Re: For loop problem in mathematica
- To: mathgroup at smc.vnet.net
- Subject: [mg90288] Re: For loop problem in mathematica
- From: "Dana DeLouis" <dana.del at gmail.com>
- Date: Fri, 4 Jul 2008 04:00:15 -0400 (EDT)
> x=0;For[i = 1, i < 10,000,000, i++, x = x + 1/(i^2)];N[Sqrt(6*x),25]

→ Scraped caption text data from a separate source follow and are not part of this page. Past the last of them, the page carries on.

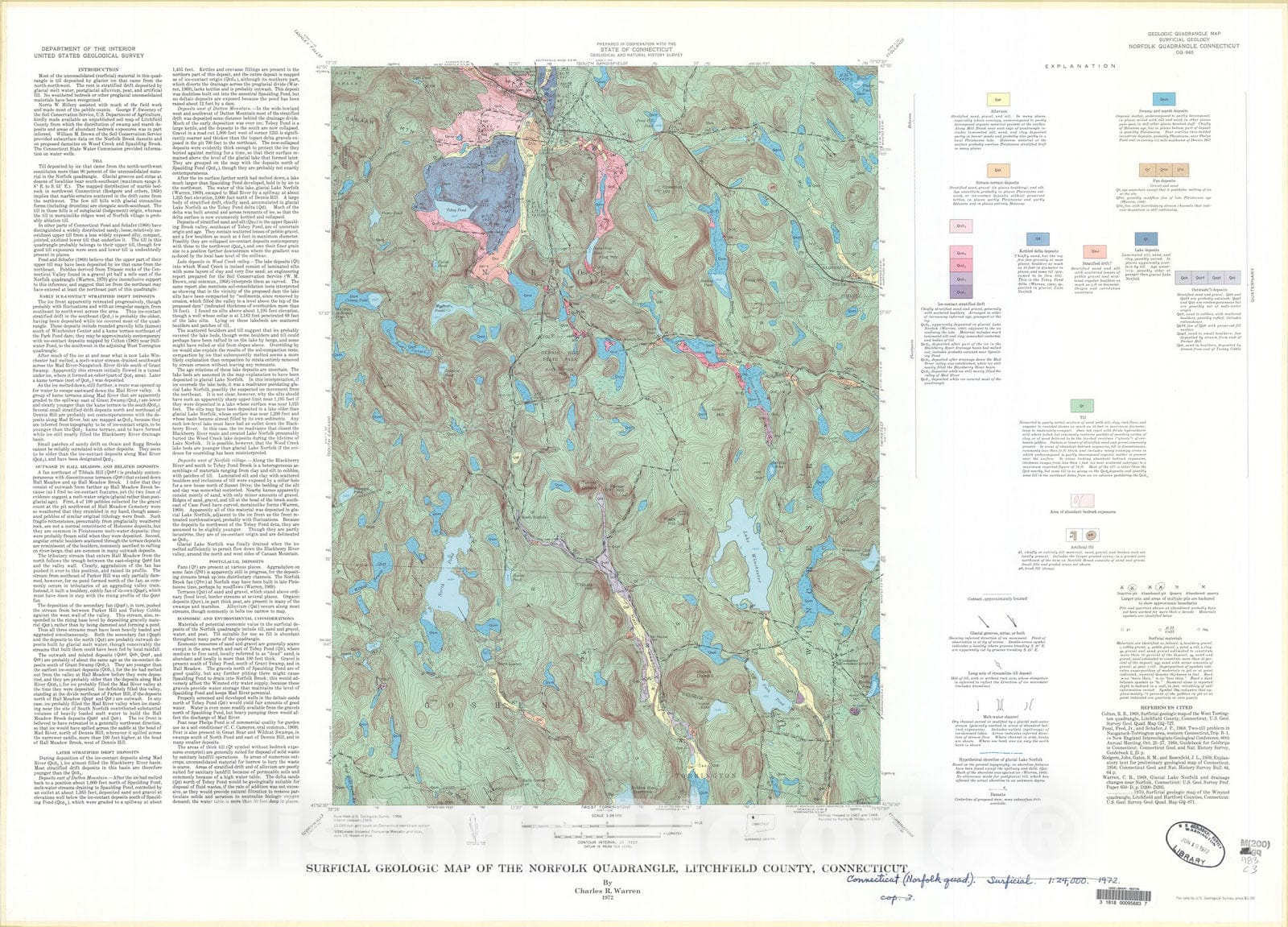 Map : Surficial geologic map of the Norfolk quadrangle, Litchfield County, Connecticut, 1972 Cartography Wall Art :
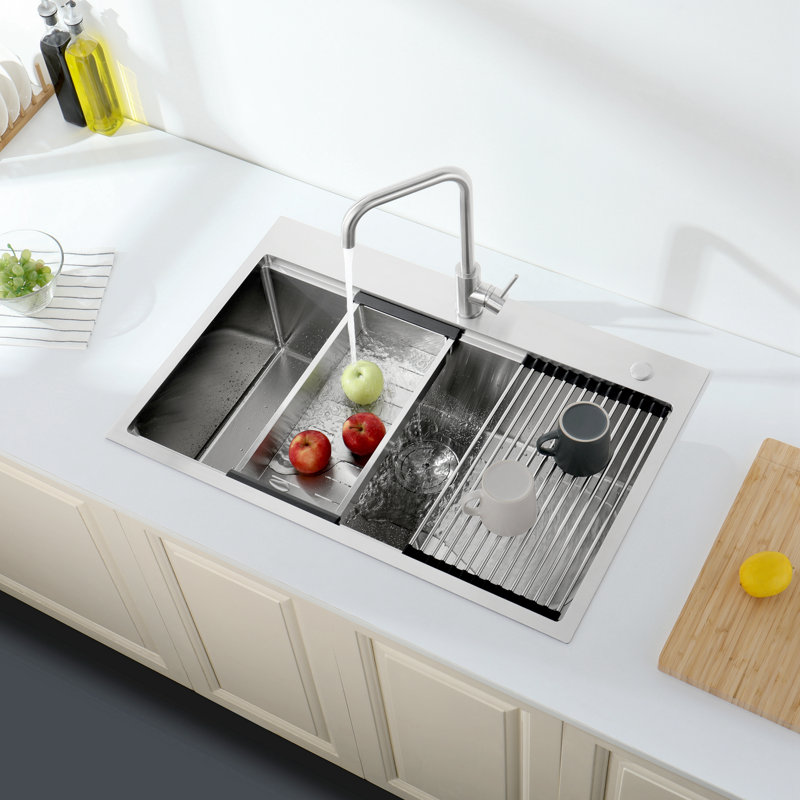 Évier de cuisine en acier inoxydable, Gris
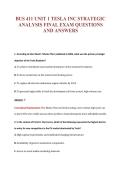 BUS 411 UNIT 1 TESLA INC STRATEGIC&NewLine;ANALYSIS FINAL EXAM QUESTIONS&NewLine;AND ANSWERS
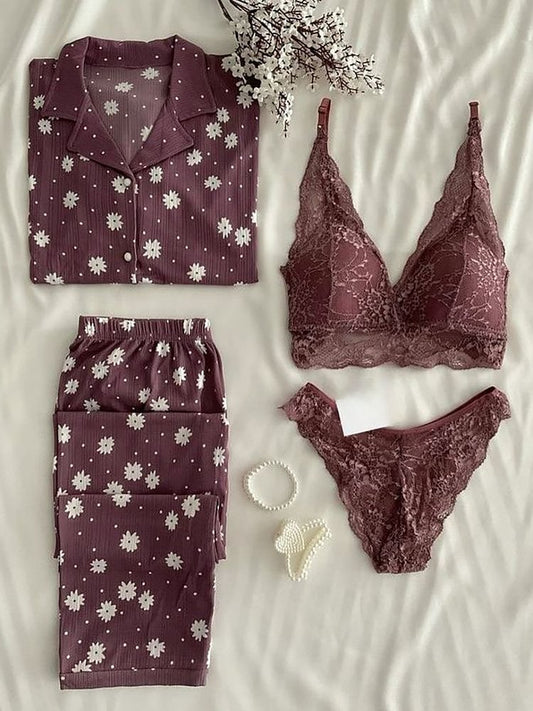 Alluring Night Suit & Bra Penty Set Combo for Women's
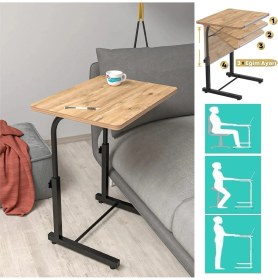 Resim Depolife Notebook Laptop Bilgisayar Çalışma Masası Eğim Yükseklik Ayarlı Tekerlekli Servis Sehpası Ceviz 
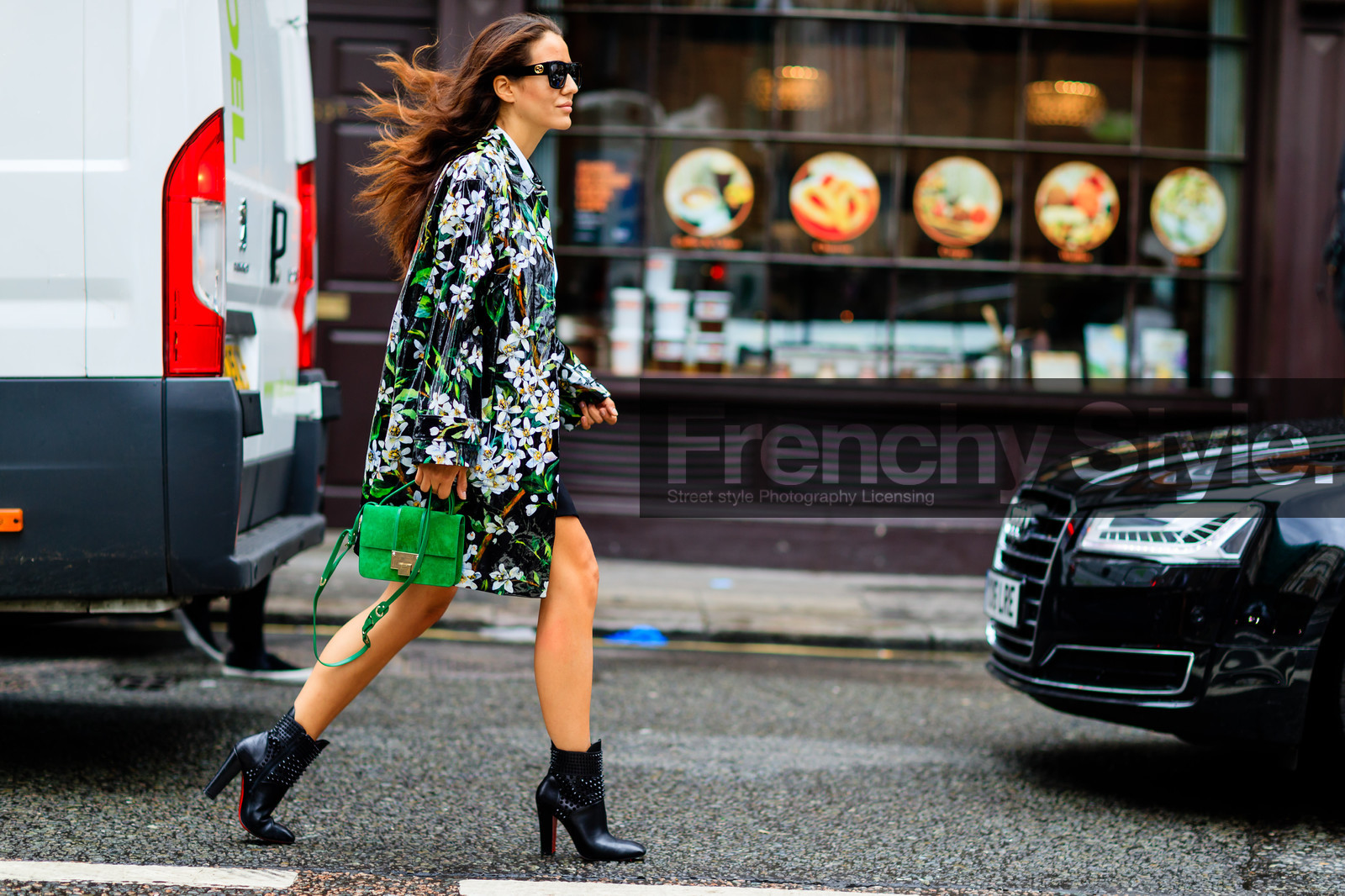 atmosphere details, black boots, christian louboutin, fashion week, floral, flower, frenchystyle, full length, FW, green bag, green coat, green jacket, high heels, horizontal, jimmy choo, jonathan paciullo, leather boots, LFW, LONDON, printed coat, printed jacket, SPRING SUMMER 2017, SS 17, street style, suede bag, sunglasses, tamara kalinic, woman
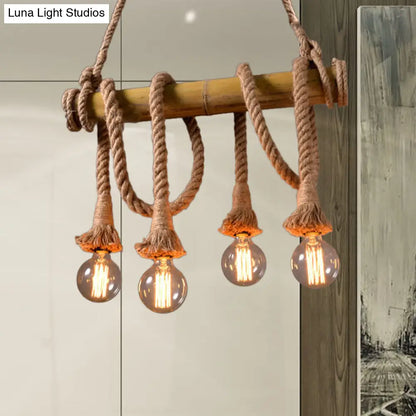 DecorBites™ Lodge Industrial Beige Island Light with Adjustable Rope and Bamboo - 3/4 Lights Open Bulb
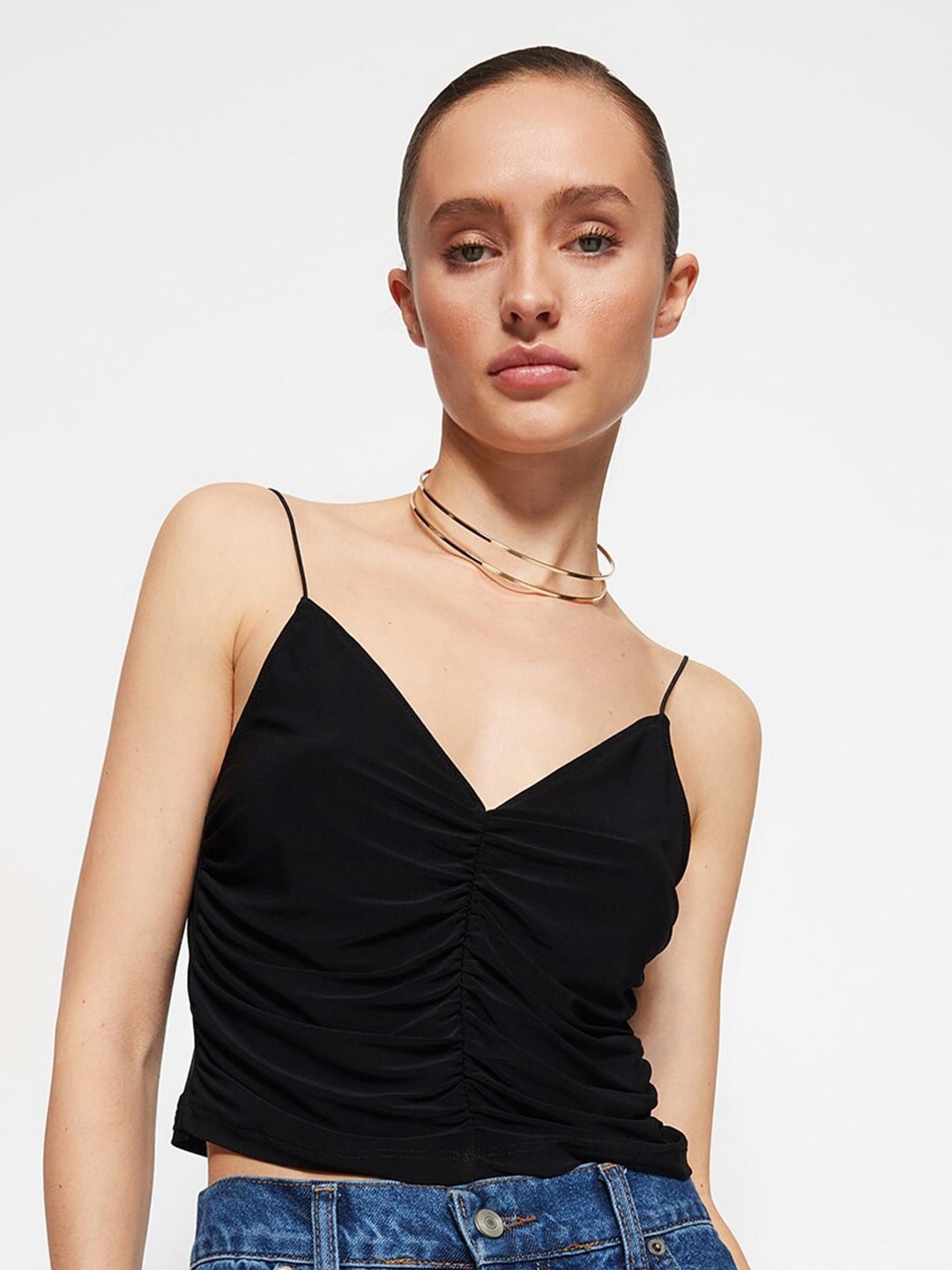 

Trendyol Shoulder Straps Ruched Crop Top, Black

I know this is a question about looping, but just to mention...
Sum[1/r^2, {r, Infinity}]
Pi^2/6
HarmonicNumber[Infinity, 2]
Pi^2/6
Or...just use the '2 (ie i^2) in the Zeta function
Zeta[2]
Pi^2/6
Hence...
Sqrt[6*Zeta[2]]
Pi
--
HTH
Dana DeLouis
"PhysNova" <skhoshbinfar at gmail.com> wrote in message
news:g4d2qf$emo$1 at smc.vnet.net...
> Hi,
> i wrote a simple program of evaluating Pi number in M6 to test cpu
> computation timing, to do this a simple for loop
>
> was used:
>
> x=0;For[i = 1, i < 10,000,000, i++, x = x + 1/(i^2)];N[Sqrt(6*x),25]//
> Timing
>
> the result was catastrophe! it take few minuates. but i first expect
> to do this very simple job in few
>
> seconds.computation time is just satisfactory up to 100000 cycle.
>
> could anyone interperet this falut?
> our get an idea to improve the result?
>
> Tanks
>